One of the things that I'm really learning this week - apart from all the chemistry - is how good it is to spend time really, really concentrating at something, and trying to get it absolutely right. So what if it takes an hour to make a print that doesn't quite work? One learns from that, one makes adjustments, one tries again - and tries, also, to remember to make further adjustments, because of the sun being higher, or behind a cloud, or whatever (and then, sometimes good stuff happens by accident, in any case). There is something very zen about this - on the other hand, it's odd doing this within a group, because I find myself heading more and more into myself as I do it... It is a wonderful antidote to digital near-instantaneity, and a million times more satisfying.
Thursday, June 24, 2010
eggs on eggs
What else should one start with, when printing using the albumen method, other than images of eggs?

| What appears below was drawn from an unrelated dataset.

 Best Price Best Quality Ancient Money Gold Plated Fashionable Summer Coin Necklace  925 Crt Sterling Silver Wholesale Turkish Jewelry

First, take three dozen eggs, and separate the whites, and whisk them, and then mix this up with some tapioca starch which has been mixed with boiling citric acid and sodium chloride. Then coat your paper - by soaking it, and then squeegee-ing off the syicky substance without leaving any bubbles. Then hang it up to dry.... Then give it two coats of 15% silver nitrate, and place your negative on it, and rush out into the shade for, say, four minutes, and then the sun for one. And then you scuttle inside again, and bathe it in salted water with citric acid, then fresh running water, then drop into toner for 5 minutes - we were using gold-ammonium thiocynate toner - then rinse again - then fix in a bath of sodium thiosulfate - then clear in sodium sulfite - then wash in running water. And then, if you're lucky, you get a print like the one in the middle.